Se guardiamo alla provincia di varese e la confrontiamo con le altre province lombarde, numeri alla mano, non possiamo far altro che constatare che si è seduta. Non ha ancora ripreso veramente a correre come altre zone della Lombardia e non ha ancora recuperato completamente il gap causato dalla crisi. Dobbiamo darci da fare, noi imprenditori e le istituzioni, per rimetterla in moto».
Davide Galli, presidente di Confartigianato Varese, fa il punto sulle sfide che attendono gli imprenditori per il nuovo anno e porta in provincia il metodo che è stato esplicato a Milano la scorsa settimana con la manifestazione “Quelli del sì”, vale a dire quelli che vogliono lavorare.
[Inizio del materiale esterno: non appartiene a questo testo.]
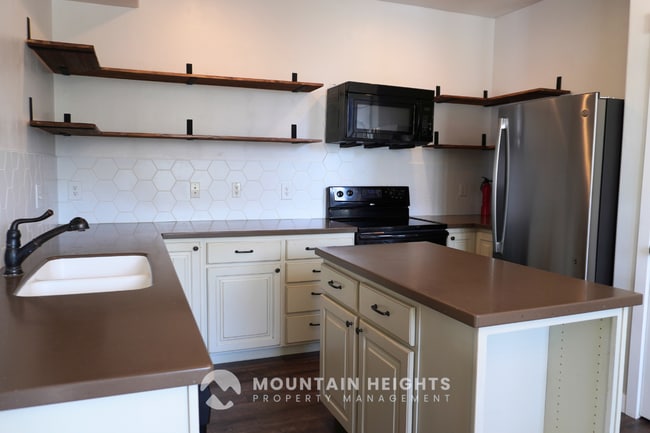 Building Photo - 10983 Sunup Way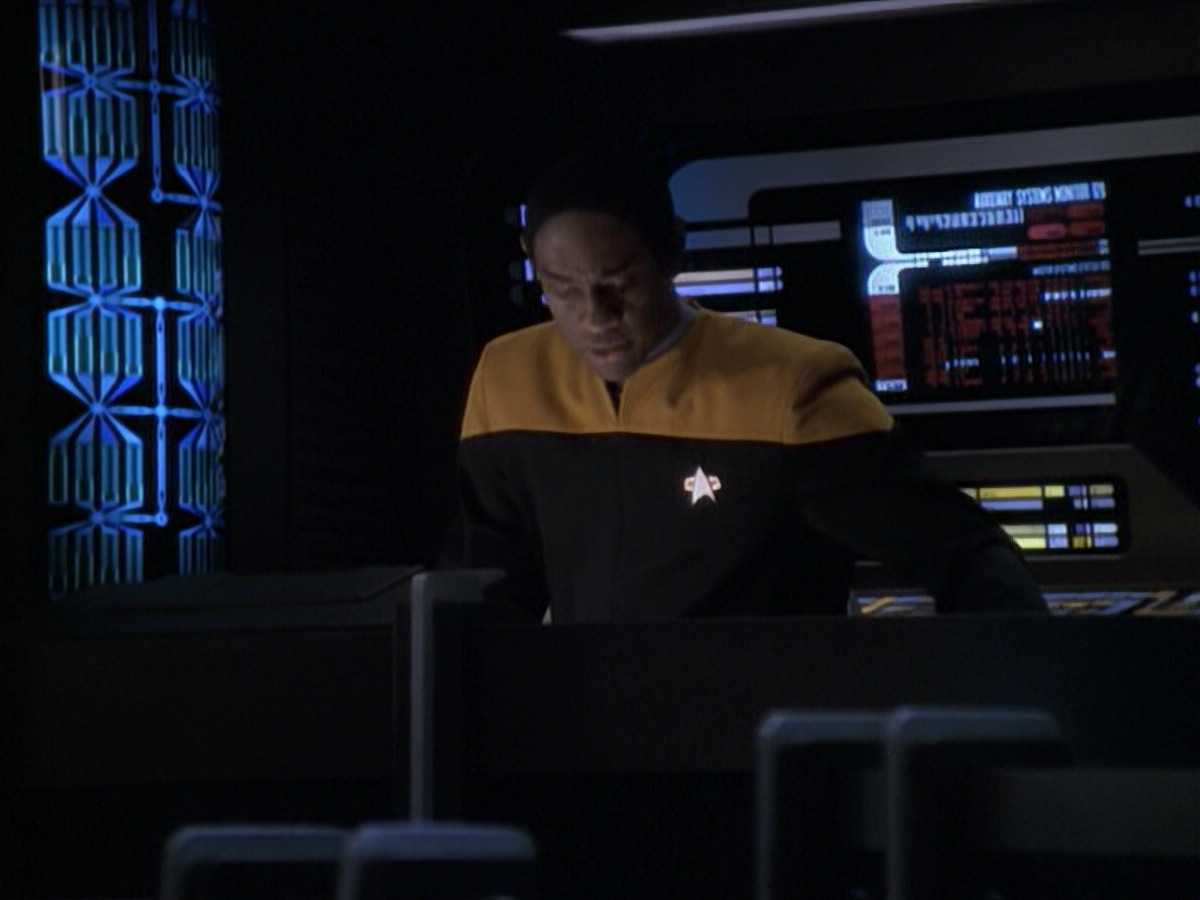 extant_StarTrek_VOY_6x18-AshesToAshes_03335.jpg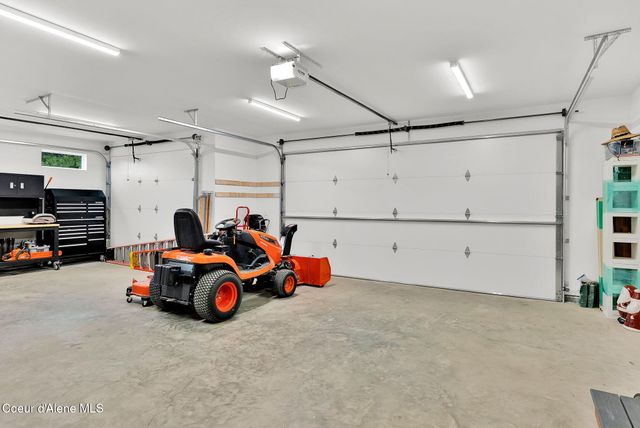 134 Leelah LN, Bonners Ferry, ID 83805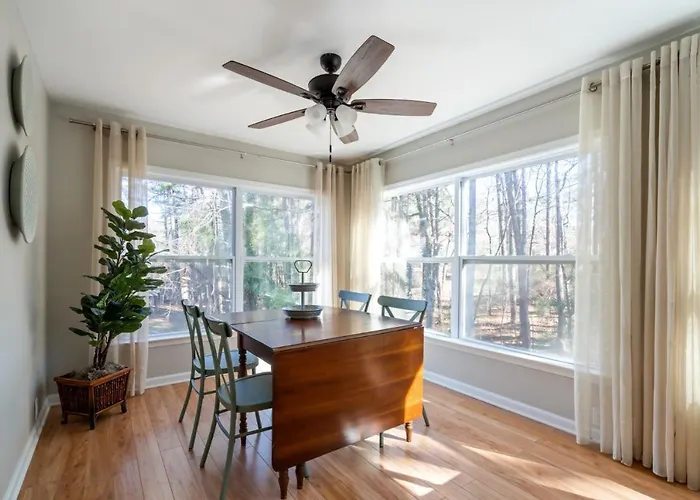 Decked Out Getaway, Pine Mtn Trail, Pet Friendly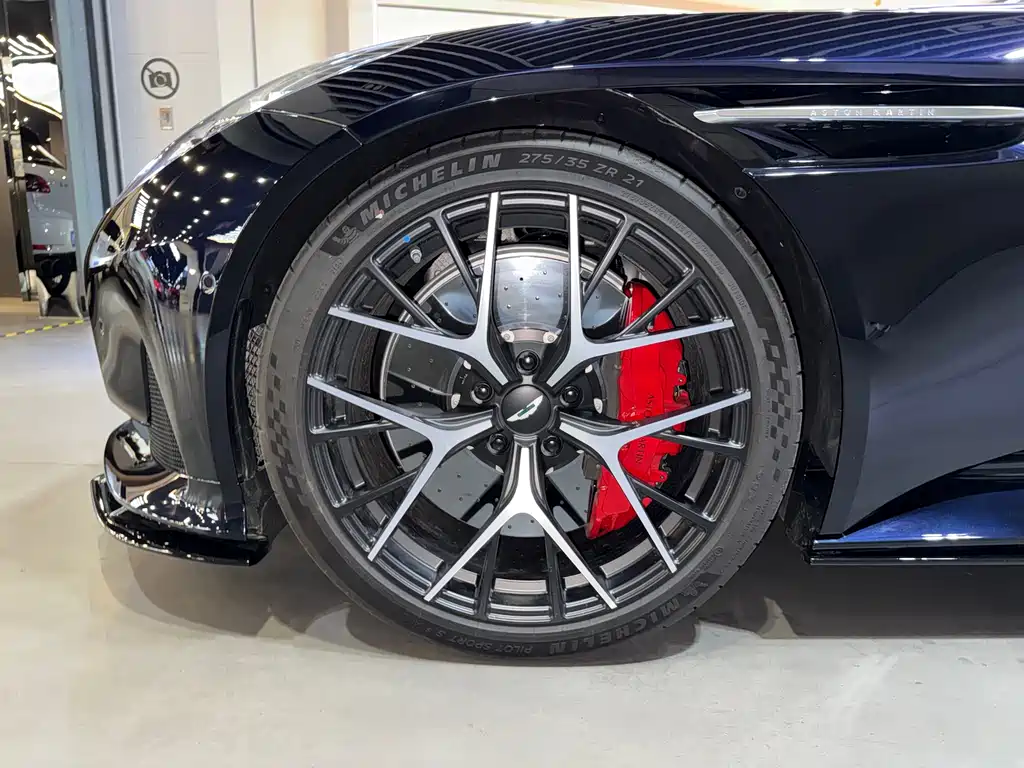 Aston Martin DB12 4.0 T V8 Volante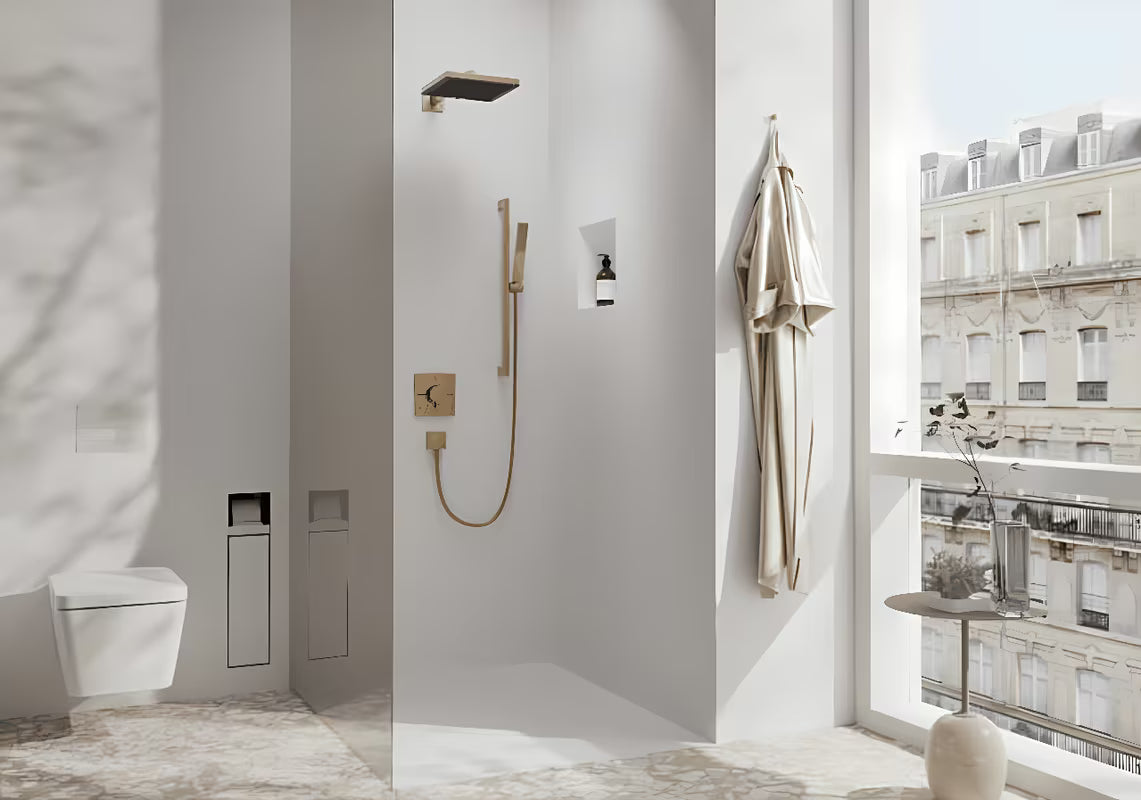 Kabliukas rankšluosčiams hansgrohe addstoris šlifuotos bronzos spalvos pro rankšluosčiui arba chalatui pakabinti.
«A noi non interessano interventi a pioggia da parte del governo- spiega – piuttosto che chi sta a Roma crei le condizioni favorevoli allo sviluppo, così che gli imprenditori possano svolgere la loro attività. Un esempio? Sicuramente le infrastrutture. Una cosa è certa: le opere incompiute sono la testimonianza per eccellenza dello spreco. Non è questa la direzione giusta».
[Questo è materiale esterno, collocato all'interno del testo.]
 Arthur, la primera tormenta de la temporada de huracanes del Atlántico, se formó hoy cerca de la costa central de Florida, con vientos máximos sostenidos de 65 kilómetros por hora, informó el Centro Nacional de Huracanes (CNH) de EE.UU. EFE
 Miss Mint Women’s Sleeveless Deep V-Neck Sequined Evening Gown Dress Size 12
La strada da intraprendere, invece, è un’altra. Galli ce l’ha ben chiara e vuole portarla avanti con i suoi imprenditori.
«Noi vogliamo puntare sulla persona e sul saper fare – dice – Le condizioni per poterlo fare non sono poi così complicate. Innanzi tutto ci vogliono regole chiare e certe, se sono troppe e complicate non fanno altro che creare difficoltà alle imprese». Poi ci vogliono tasse giuste.
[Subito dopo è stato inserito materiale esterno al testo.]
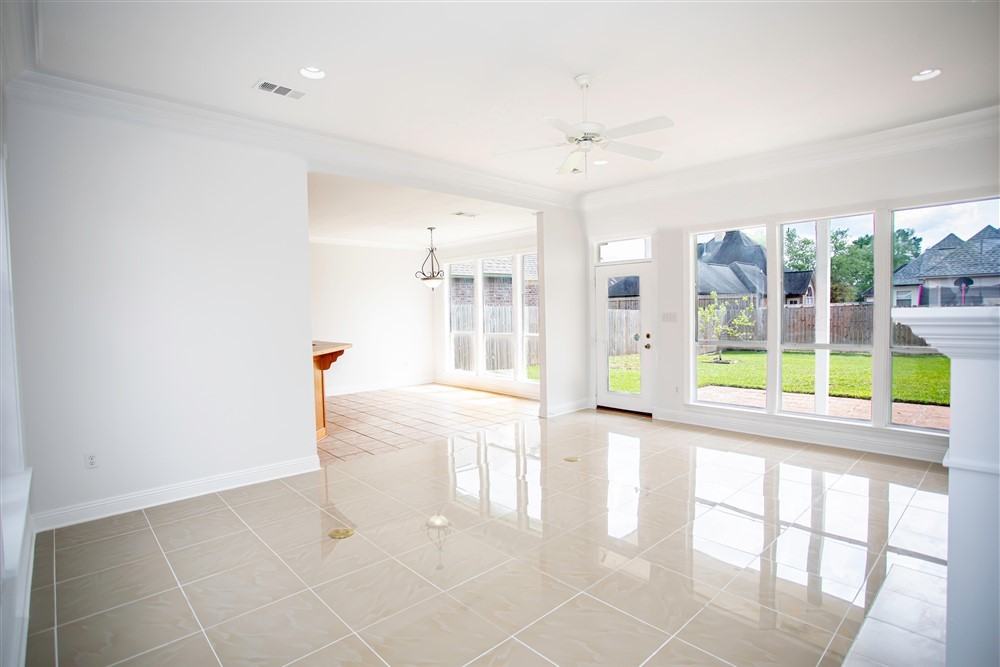 10526 Oakley Trace Drive - Photo 4 of 20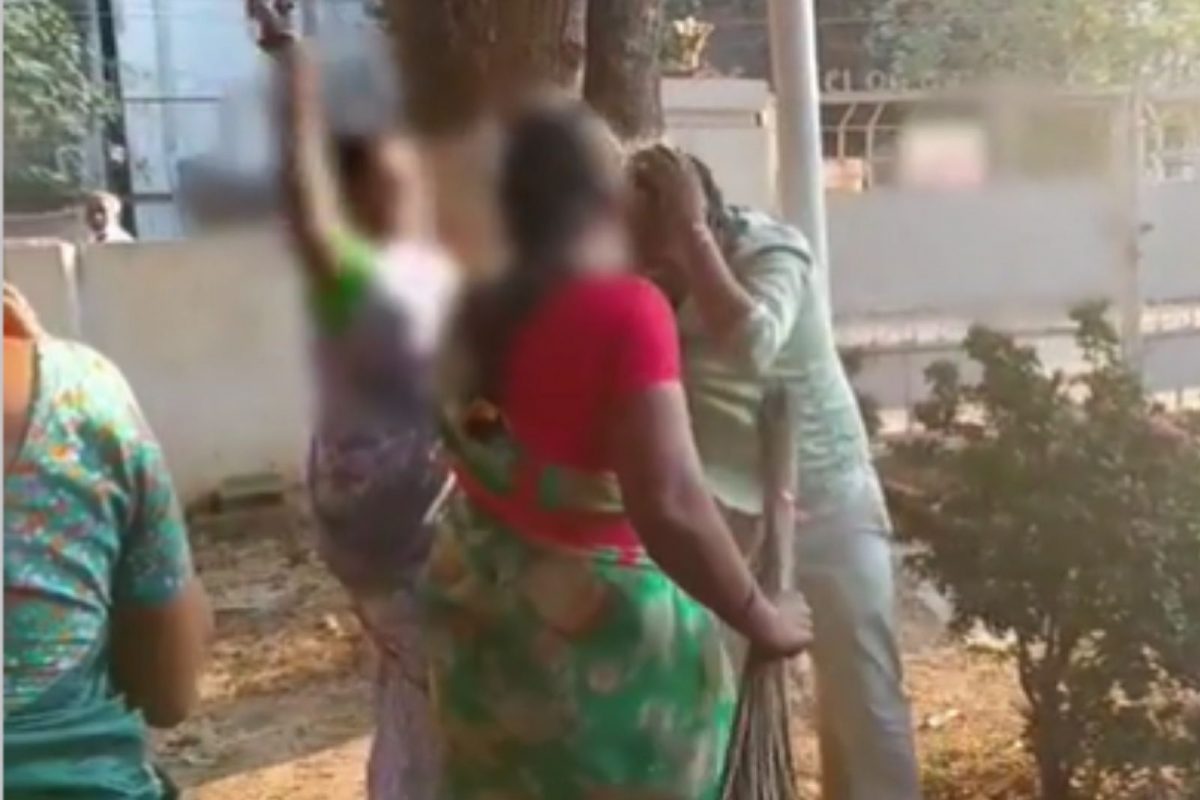 ராம்பாபுவை அடிக்கும் பெண்கள்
«Non siamo qui a chiedere meno tasse – spiega Galli – ma imposte giuste. Ad esempio, l’Imu sui capannoni è vista dagli artigiani come una totale ingiustizia. Le tasse vanno messe seguendo una certa logica e non devono apparire come una punizione per le imprese».
Non basta. Poi c’è la vita quotidiana in fabbrica, dove la formazione deve avere un ruolo di primo piano e dove «Dobbiamo recuperare il valore e l’importanza delle competenze – dice Galli – in una chiave di filiera. Le piccole e medie imprese del nostro territorio hanno assunto una dimensione di cluster, assecondando la distribuzione delle grandi industrie o disegnando comparti specifici, spinte dalla peculiarità di ogni singola zona della provincia».
«Bisogna tornare a investire su queste identità di territorio – continua – valorizzando le peculiarità e i naturali legami tra imprese, considerando nello stesso tempo le opportunità che il mercato globale riserva».